Information provided:
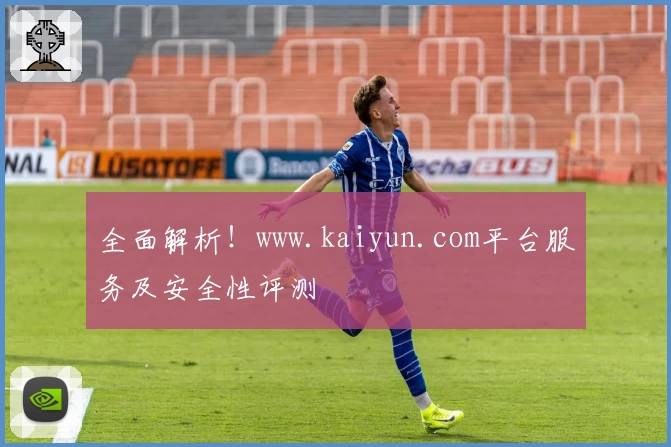 全面解析！www.kaiyun.com平台服务及安全性评测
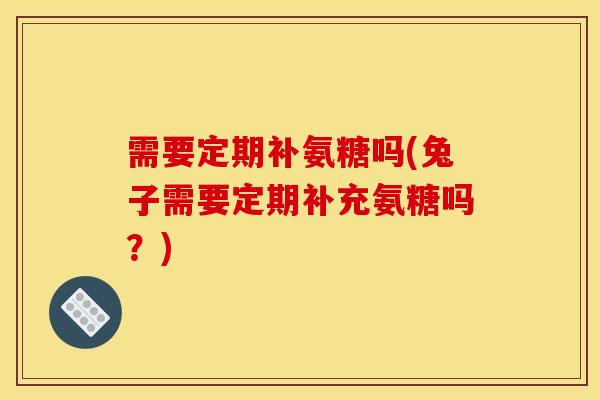 需要定期补氨糖吗(兔子需要定期补充氨糖吗？)
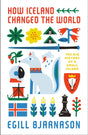How Iceland Changed the World : The Big History of a Small Island-9781785787652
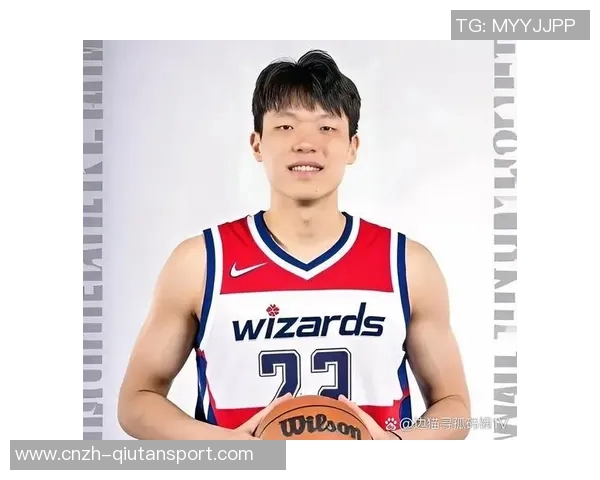 杨瀚森试训七支NBA球队包括雄鹿魔术步行者篮网展现出色潜力与实力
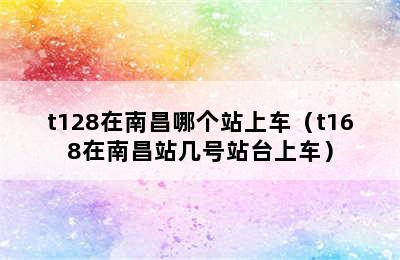 t128在南昌哪个站上车（t168在南昌站几号站台上车）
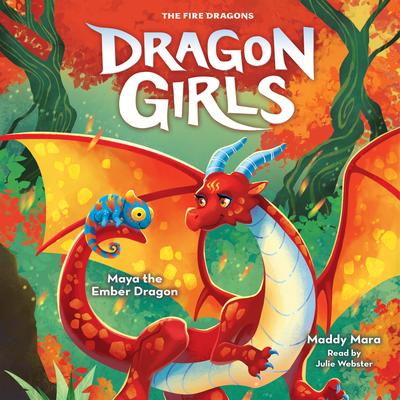 Maya the Ember Dragon (Dragon Girls #18) Audibook, by Maddy Mara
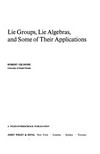 Lie groups, Lie algebras, and some of their applications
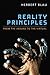 Reality Principles: From the Absurd to the Virtual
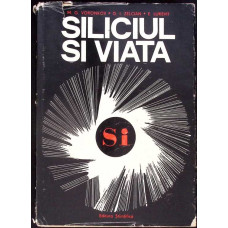 SILICIUL SI VIATA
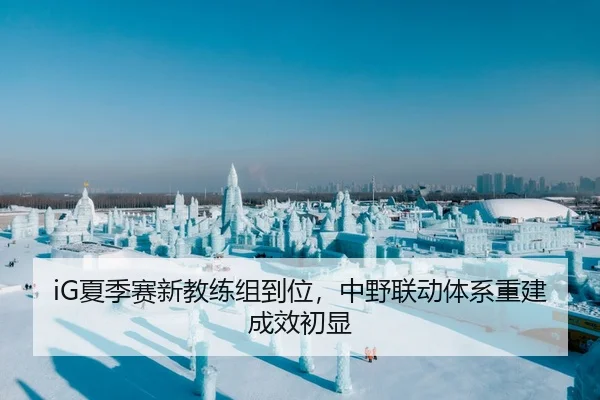 iG夏季赛新教练组到位，中野联动体系重建成效初显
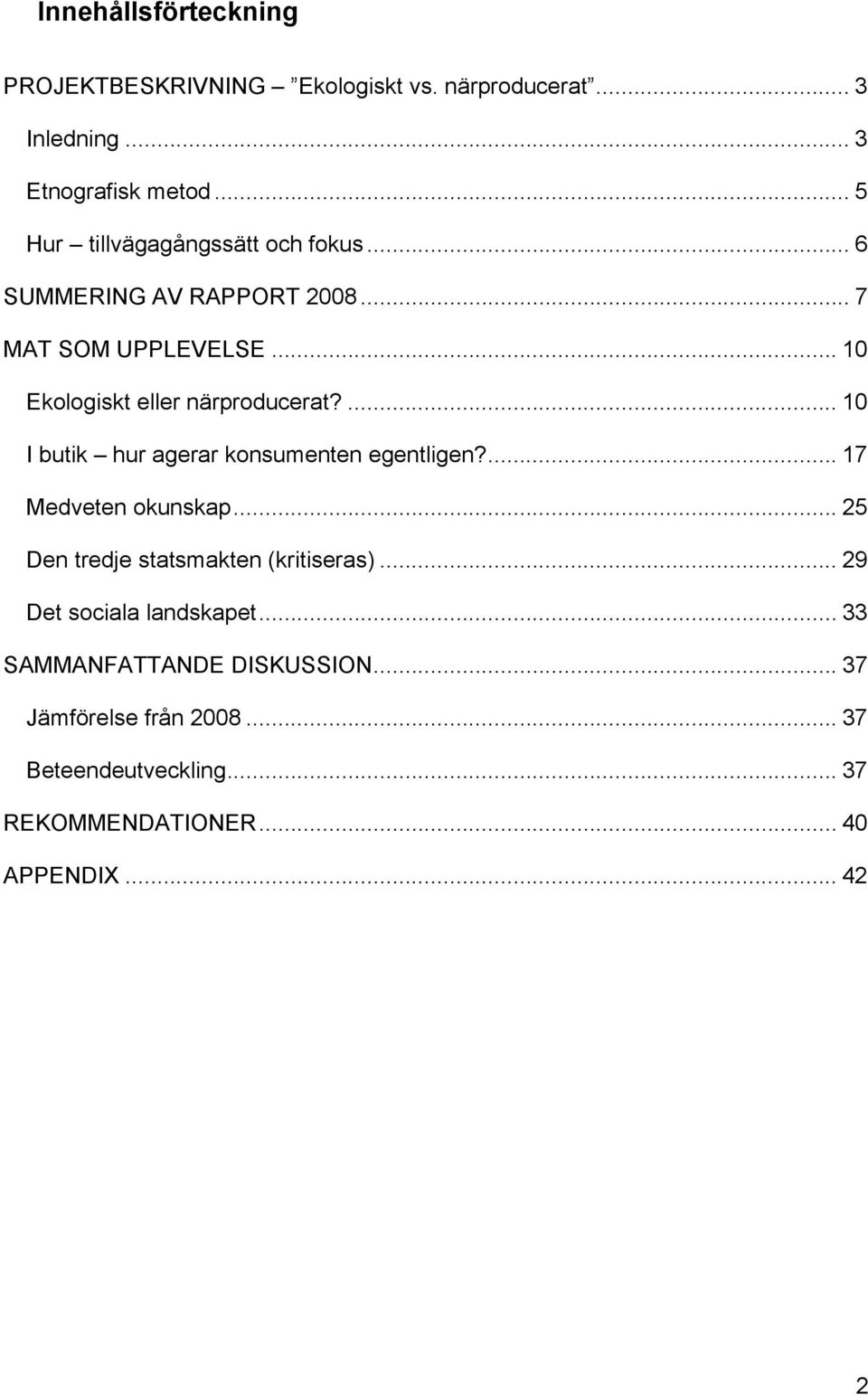 ... 10 I butik hur agerar konsumenten egentligen?... 17 Medveten okunskap... 25 Den tredje statsmakten (kritiseras).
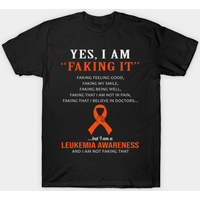 Yes I Am Faking It Leukemia Awareness T-Shirt for Men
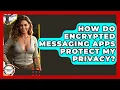 How Do Encrypted Messaging Apps Protect My Privacy - Anthropology Insights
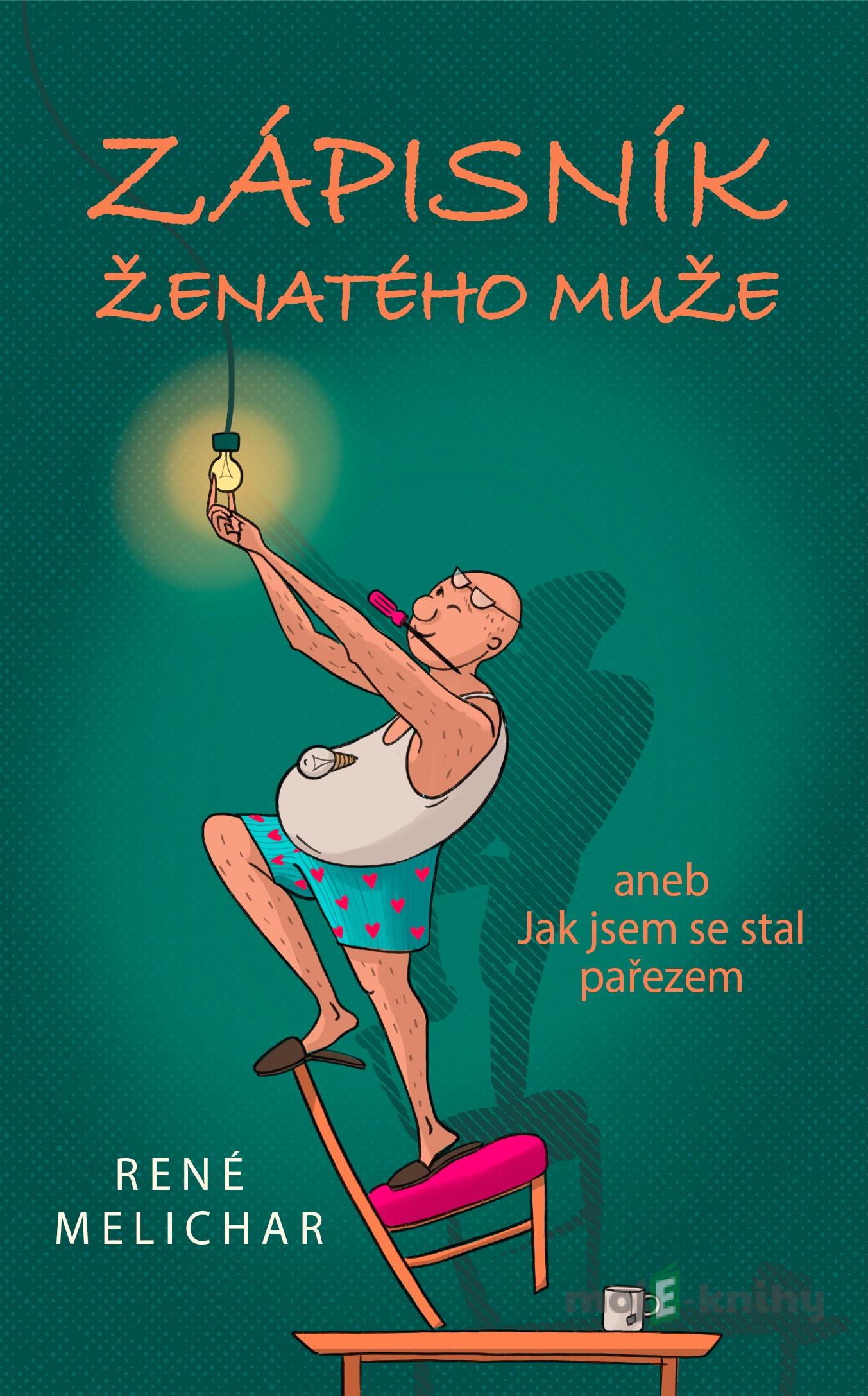 Zápisník ženatého muže aneb Jak jsem se stal pařezem - René Melichar Zápisník ženatého muže aneb Jak jsem se stal pařezem - René Melichar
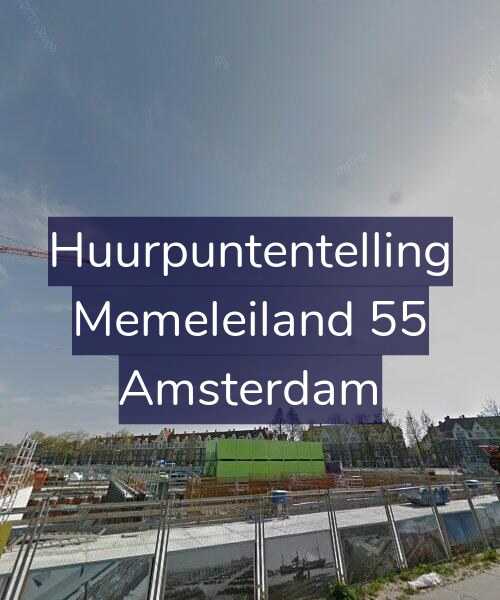 Foto gevel Huurpuntentelling voor Memeleiland 55, Amsterdam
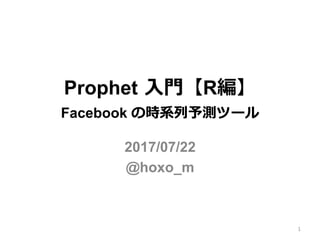 Prophet ⼊⾨【R編】
Facebook の時系列予測ツール
2017/07/22
@hoxo_m
1
 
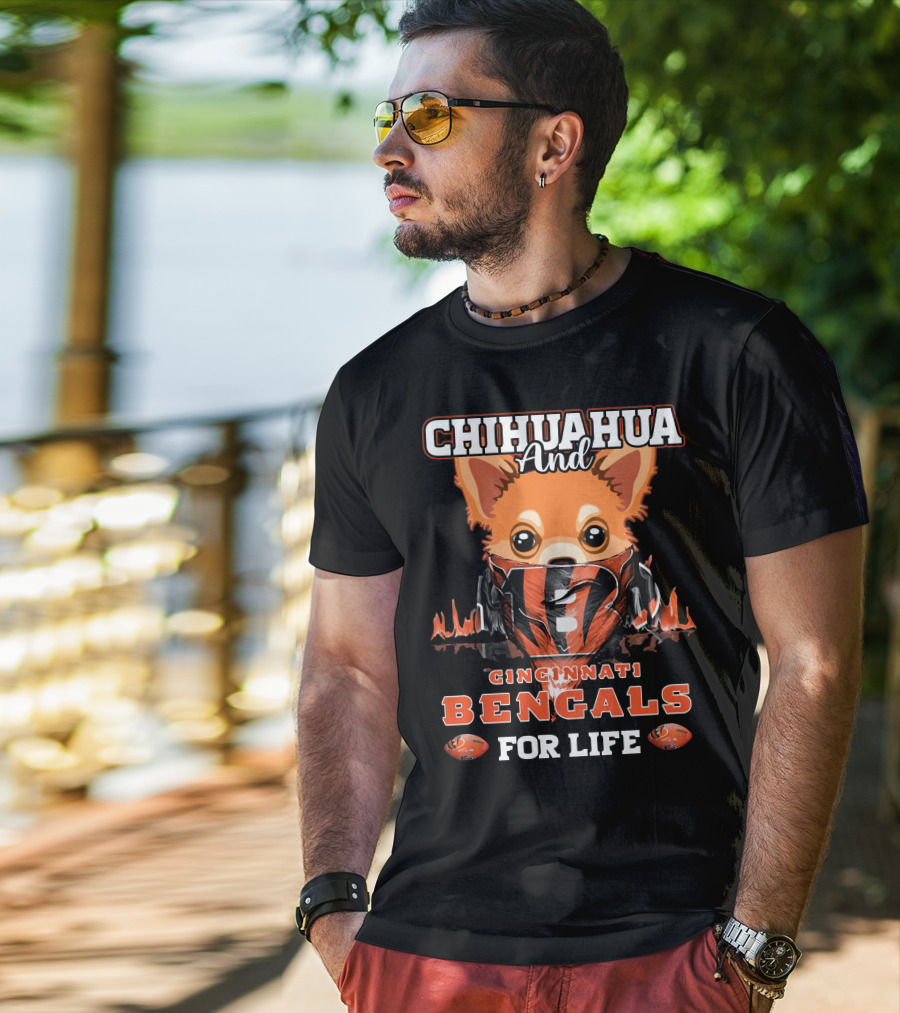 Chihuahua And Cincinnati Bengals For Life T-Shirt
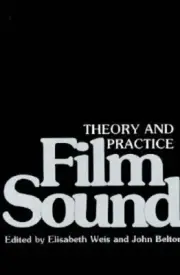 Film Sound: Theory and Practice by Elisabeth Weis: New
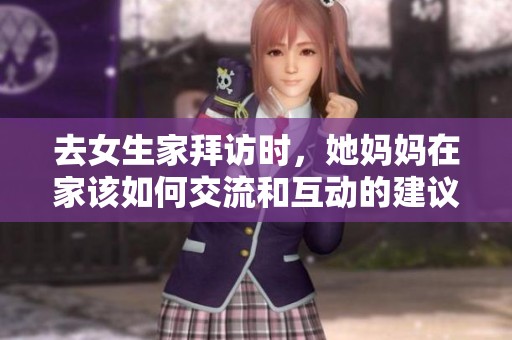 去女生家拜訪時，她媽媽在家該如何交流和互動的建議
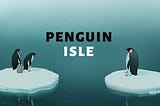 Player Motivation: Penguin Isle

Try it:
Your copy should match the entries exactly, minus the pictures.

Result of this exercise:
 全面解析！www.kaiyun.com平台服务及安全性评测
 需要定期补氨糖吗(兔子需要定期补充氨糖吗？)
How Iceland Changed the World : The Big History of a Small Island-9781785787652
 杨瀚森试训七支NBA球队包括雄鹿魔术步行者篮网展现出色潜力与实力
 t128在南昌哪个站上车（t168在南昌站几号站台上车）
 Maya the Ember Dragon (Dragon Girls #18) Audibook, by Maddy Mara
 Lie groups, Lie algebras, and some of their applications
 Reality Principles: From the Absurd to the Virtual
 SILICIUL SI VIATA
 iG夏季赛新教练组到位，中野联动体系重建成效初显
 ... 10 I butik hur agerar konsumenten egentligen?... 17 Medveten okunskap... 25 Den tredje statsmakten (kritiseras).
 Yes I Am Faking It Leukemia Awareness T-Shirt for Men
 How Do Encrypted Messaging Apps Protect My Privacy - Anthropology Insights
 Zápisník ženatého muže aneb Jak jsem se stal pařezem - René Melichar Zápisník ženatého muže aneb Jak jsem se stal pařezem - René Melichar
 Foto gevel Huurpuntentelling voor Memeleiland 55, Amsterdam
 Prophet ⼊⾨【R編】
Facebook の時系列予測ツール
2017/07/22
@hoxo_m
1
 
 Chihuahua And Cincinnati Bengals For Life T-Shirt
 Film Sound: Theory and Practice by Elisabeth Weis: New
 去女生家拜訪時，她媽媽在家該如何交流和互動的建議
 Player Motivation: Penguin Isle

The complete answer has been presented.